Analyse zum Chaos an FlughäfenBauchlandung mit Ansage
Weil das Personal fehlt, streichen die Airlines Flüge und stauen sich die Koffer. Wie konnte sich die Flugindustrie nur derart verkalkulieren?
Wenn einer eine Reise tut, dann kann er was erleben, besagt ein Sprichwort. Klingt banal, hoffnungslos altmodisch und doch aktueller denn je, wenn man derzeit einen Blick auf die Warteschlangen in den Abfertigungshallen der Flughäfen wirft. Die Koffer stauen sich an der Gepäckausgabe. Menschen halten ein Nickerchen auf Gepäckbändern. Und Flugpassagiere muntern sich mit Zurufen auf, wenn die Schlange vor der Sicherheitskontrolle sich um eine Fusslänge nach vorne bewegt. Es ist ein Chaos mit Ansage, und das verwundert aus mehreren Gründen.
Allein deshalb, weil die Fluggesellschaften schon vor Wochen bemerkt haben, dass sich da irgendwie Unheil zusammenbraut. Swiss und Lufthansa kündigten an, dass man wegen Personalmangels Hunderte Flüge streichen werde, ausgerechnet im Ferienmonat Juli. Undenkbar vor Corona, undenkbar noch im Winter, als Fluggesellschaften wie potenzielle Passagiere darauf hofften, dass all die leidigen pandemiebedingten Reisebeschränkungen mit Beginn der Sommersaison endlich fallen würden. Irgendwie scheint die Flugwirtschaft selbst nicht an den von ihr ersehnten Reiseboom geglaubt zu haben.

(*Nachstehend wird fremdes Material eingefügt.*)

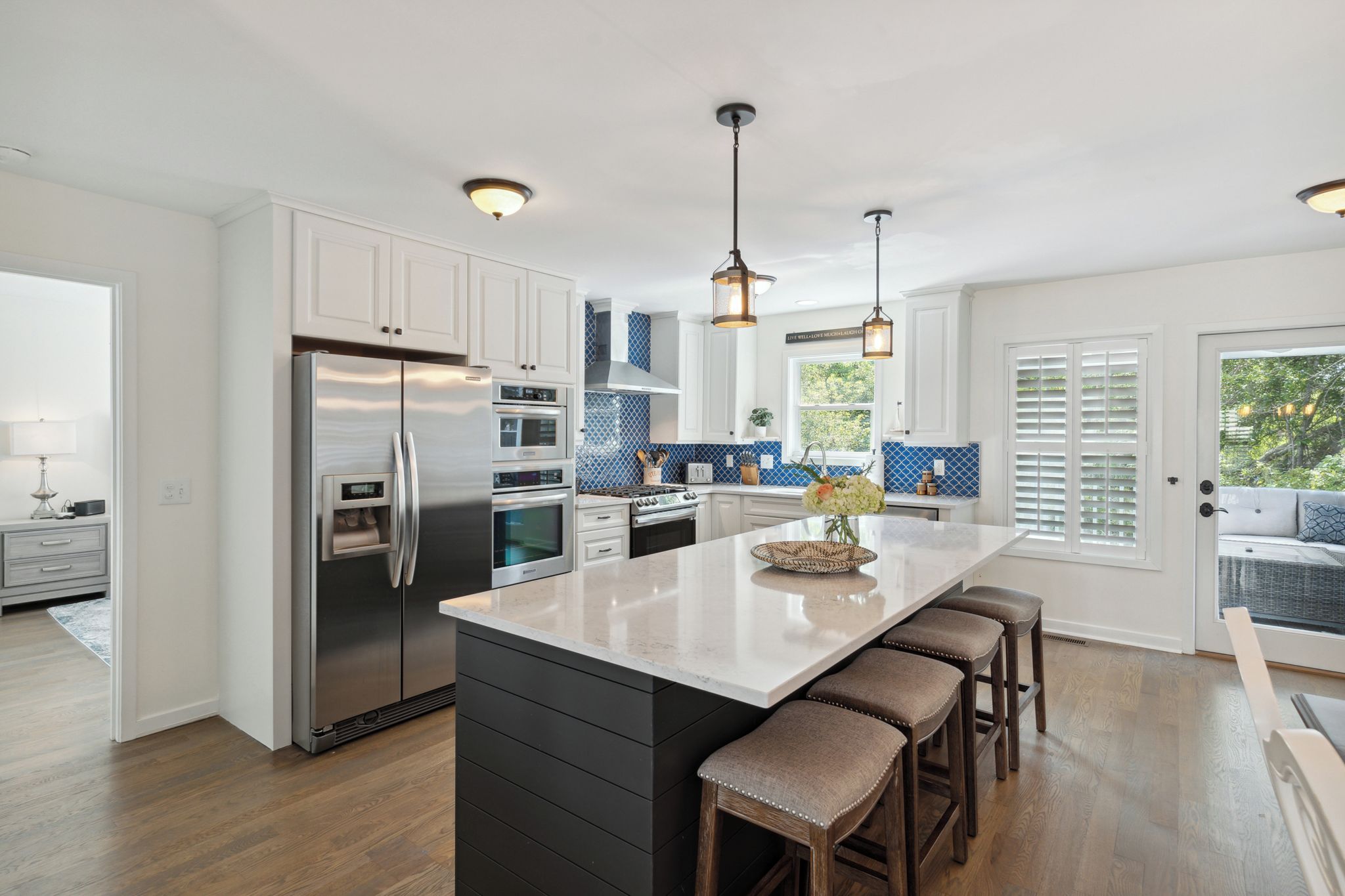 A modern kitchen with a central island, stainless steel appliances, and a view to the outdoors.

Passagiere und Personal als Leidtragende
Vielleicht hatten die einen oder anderen Verantwortlichen noch damit gerechnet, dass sich das Reiseverhalten in gut zwei Jahren Pandemie geändert hätte. Immerhin verringerte sich der durch Flugreisen verursachte weltweite Kohlendioxid-Ausstoss wegen all der Reisebeschränkungen deutlich. Man hätte daraus schliessen können, dass viele künftig auf Flugreisen verzichten und stattdessen durch die Schweiz wandern oder radeln würden.
Aber es wirkt eher so, als hätte nur eine Art schwerer Corona-Deckel die Reisenden am Boden gehalten. Und nun nutzen offensichtlich viele die Chance für eine Flugreise, bevor möglicherweise im Herbst erneut Corona-Beschränkungen ins Haus stehen. Weg in die Sonne oder endlich mal wieder Verwandte in anderen Ecken Europas sehen.

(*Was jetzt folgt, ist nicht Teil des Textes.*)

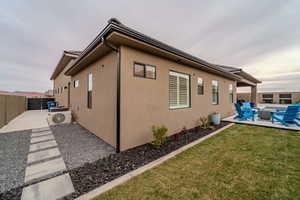 View of property exterior with ac unit, a yard, a fire pit, and a patio area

Jenseits dieser eher emotionalen Faktoren hätte die Flugwirtschaft durchaus rechnen können, und zwar auf Basis der vorliegenden Buchungen. Eine Studie des Flughafen-Dienstleisters Sita kam kürzlich zu dem Ergebnis, dass das Interesse an Geschäfts- und Urlaubsreisen wieder deutlich steigt. Deshalb erstaunt es um so mehr, dass die Fluggesellschaften nicht rechtzeitig reagierten und Personal aufstockten. Wer die Chance hatte, eine sichere und im Idealfall besser bezahlte Stelle zu finden, wird nicht zurückkehren an den Flughafen. Die Leidtragenden dieser kreativen Personalpolitik sind die verbliebenen Angestellten – und all die Reisenden. Aber sie haben in jedem Fall etwas erlebt.